Willow Ross: 28 January – 6 February, 2024
Willow Ross is a geographer and activist. Ross used her residency at Plumwood Mountain to transform her Master’s thesis, on the more-than-human communities of dumpster diving, into a journal article for Australian Geographer.
Plumwood As Technology
Last month, I visited Plumwood Mountain on Walbunja Country, part of the Yuin Nation. Nestled in a clearing on the mountainous escarpment between Braidwood and Bateman’s Bay, Plumwood House is a small, UFO-shaped octagonal structure, once home to local eco-feminist and philosopher Val Plumwood. The place feels like it has leapt out of the pages of one of the Ursula Le Guin or Samuel R. Delany stories in its library — one about off-planet communes, twelve-person procreation groups, and ecologariums. Yet despite its extra-terrestrial appearance (and large collection of feminist SF) Plumwood is not hugely futuristic.

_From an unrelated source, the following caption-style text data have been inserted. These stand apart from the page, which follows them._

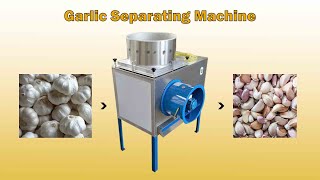 Low-price Garlic Clove Separating Machine (100-1500kg/h) | How To Separate Garlic Cloves From Bulbs?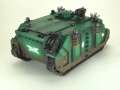 Salamander Rhinos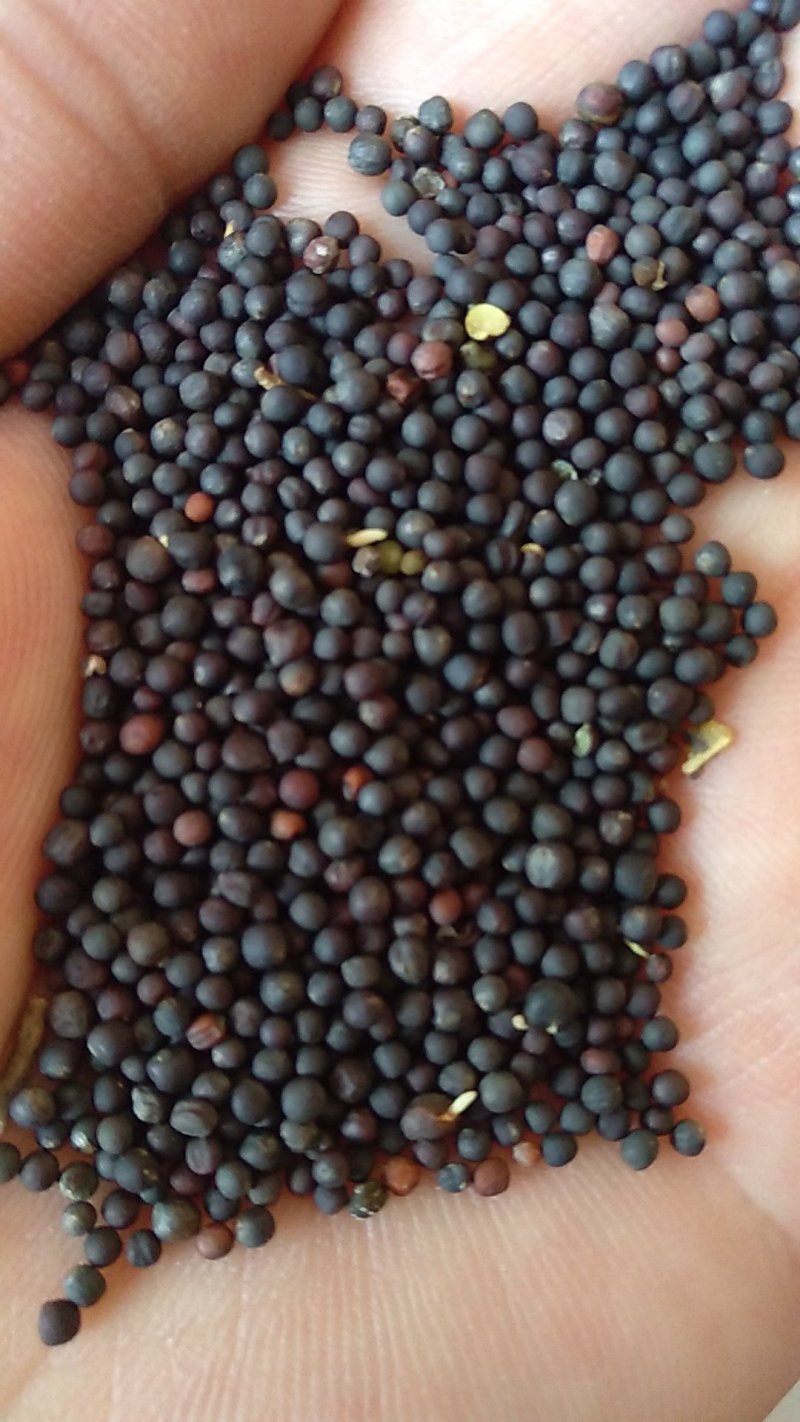 优质油菜籽1级新疆油菜籽大量上市厂家货源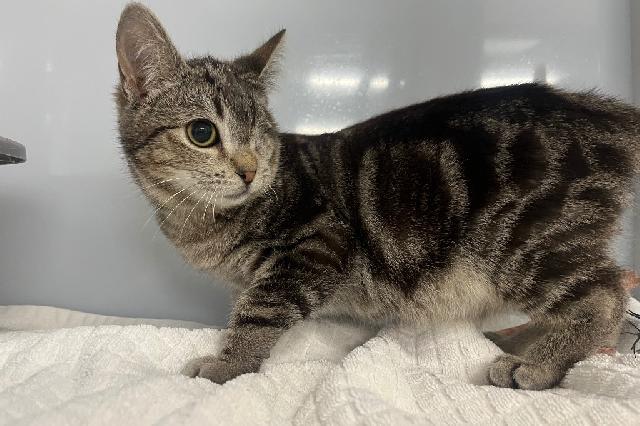 My name is Ojo Grande and I am ready for adoption. Learn more about me!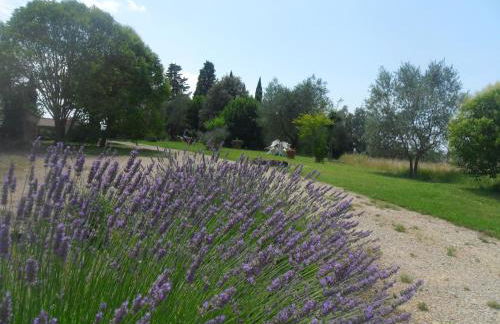 Fullino Nero Rta - Residenza Turistico Alberghiera - Photo 18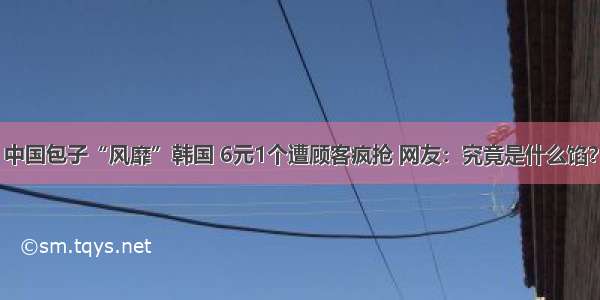 中国包子“风靡”韩国 6元1个遭顾客疯抢 网友：究竟是什么馅？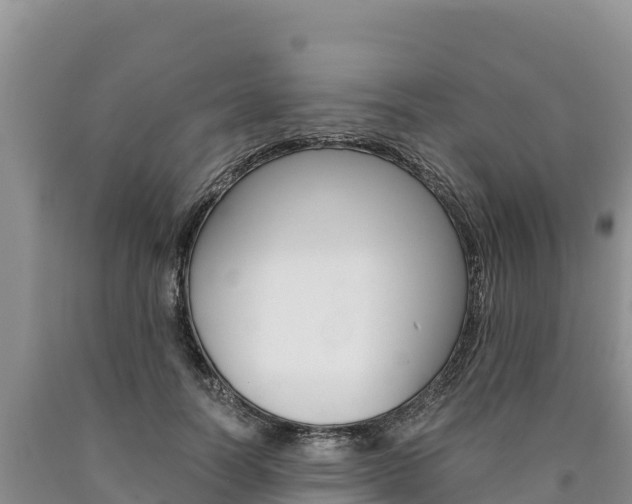 X0000090880746200707271016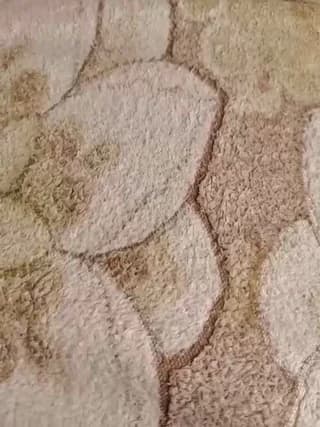 Her-Girl - bongacams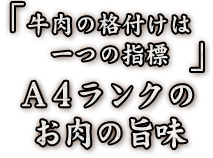 お肉の旨味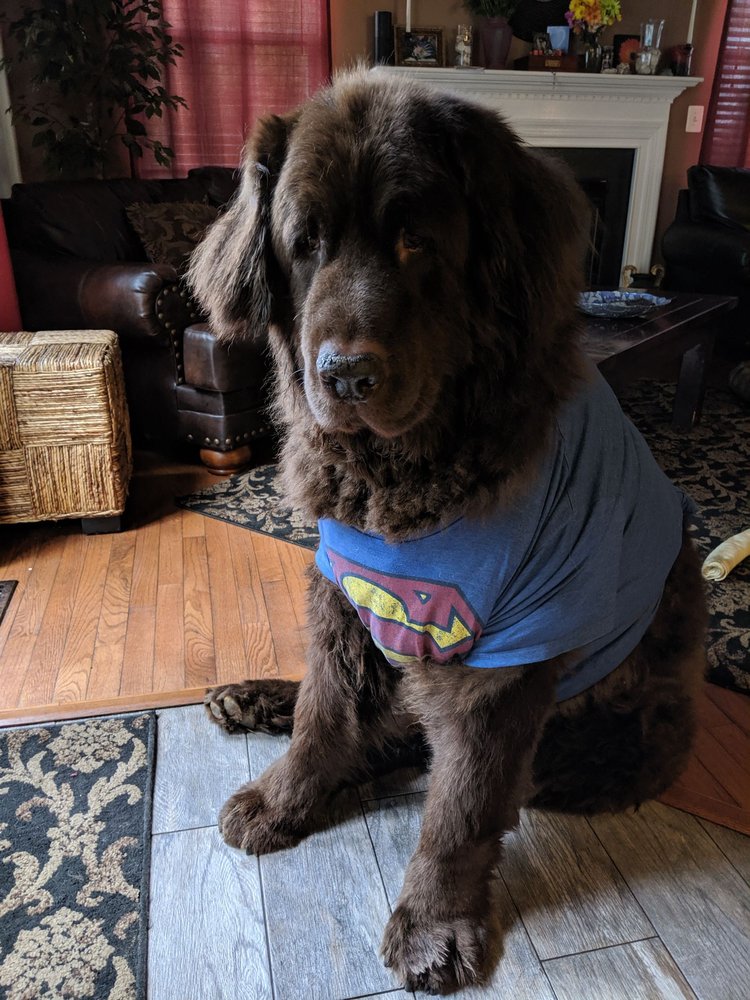 NEW BALTIMORE ANIMAL HOSPITAL 18 Reviews 5296 Lee Hwy, Warrenton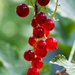 Red Currant by okvalle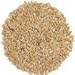 Canary Seed/ Alpiste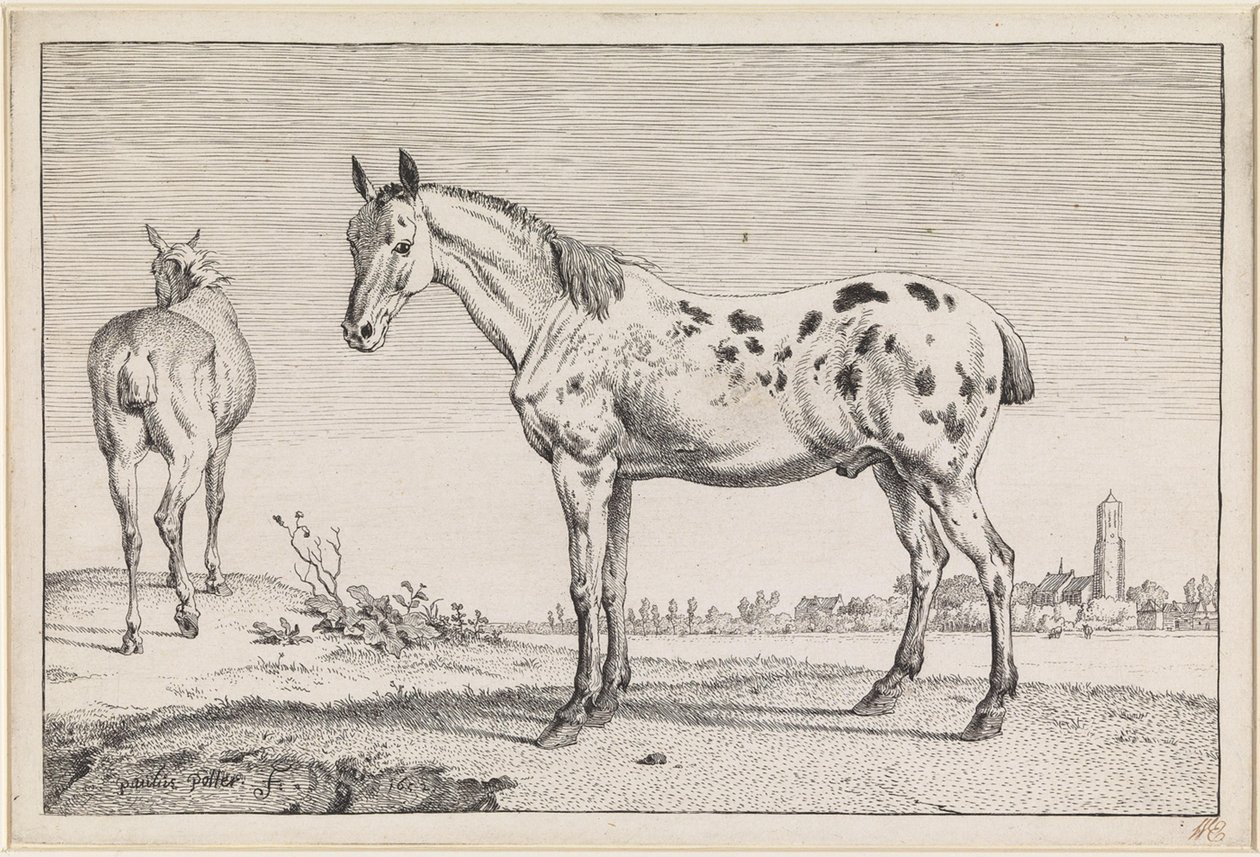 Den halekuperede hest af Paulus Potter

Once there, I spent my week learning the fairly rustic technologies of the home: composting toilet, solar-powered LEDs, and the elaborate ritual needed to start the generator-operated and delightfully hot shower in the shattered greenhouse. Because of my enthusiasm for the house, I was also given the opportunity by my hosts to use a specific technology (social media) to share my experience at Plumwood (basically: a takeover of the Instagram account). I shared posts about Val’s garden, the library, various activist souvenirs and paraphernalia around the house, and the nearby creek. It was in the process of doing this that I realised that I was coming to view Plumwood as more than a house: instead, it was becoming a technology.
Plumwood is a technology for land back. On my first night the caretakers, Ruby and Clancy, told me about the land handback agreement currently being negotiated between the Plumwood Committee and the Walbunja, who never ceded the land that Plumwood Mountain is part of. On my last night, we sat down together to watch a final cut of the documentary Clancy had made in collaboration with the Batemans Bay LALC Walbunja Rangers, detailing the effectiveness of cultural burning and need for good fire to be returned to Walbunja land after the destruction of the recent fires. Val’s house was also one of the first voluntary conservation agreements to be set up, marking the area as a sanctuary for the rare local species and remnant Gondwanan rainforest that calls the cool, wet mountain ridge home. It is partially for this reason that the Rangers can count gliders in the area, and that some of the ancient Plumwood trees near the house were able to survive the raging fires of 2020.
As a result, Plumwood is a technology for community. You can’t stay at Plumwood house and not think about community; the oddly-shaped building with its roomy kitchen and radius of pathways leading to other cabins and outhouses feels like a blueprint for living as part of a large, unwieldy family. This, despite the fact that the house was mostly built and inhabited by Val and her partner. And this community is not just human. On my second day, I was treated to the first lyrebird song I’d heard in person. Later that night I discovered the antechinus family living in the roof of my accommodation. Messaging a friend who stayed at Plumwood the year before, I learned she’d felt the same — and was prompted to draw a map of her ideal commune based on the house’s octagonal structure. I did the same.
Plumwood is also a technology for teaching. The house was reportedly (there are many contradictory histories) built partially by Val’s students, who would come up for day visits and help to quarry stone used for the walls of the main building. The library, with its hundreds of works of eco-feminism and philosophy, feels like a leaving, breathing remnant of Val and all she thought—as well as disagreed with. Ruby and Clancy worked remotely. I wrote my article on dumpster diving, borrowing from Val’s concept of forgotten and mistreated shadow places. We learned together, often talking over dinner about what we’d read that day, what we thought about or disagreed with, or some odd find from the shelves.
Plumwood might also be a technology for return. I’m itching to go back – dreaming of a visit to the mountain shrouded in mist. I hope that wish comes true. I also hope that the technology of Plumwood continues to be built upon, to work and to malfunction. Who knows, maybe one day some of us will look back and see that Plumwood was a future – ecologariums and all.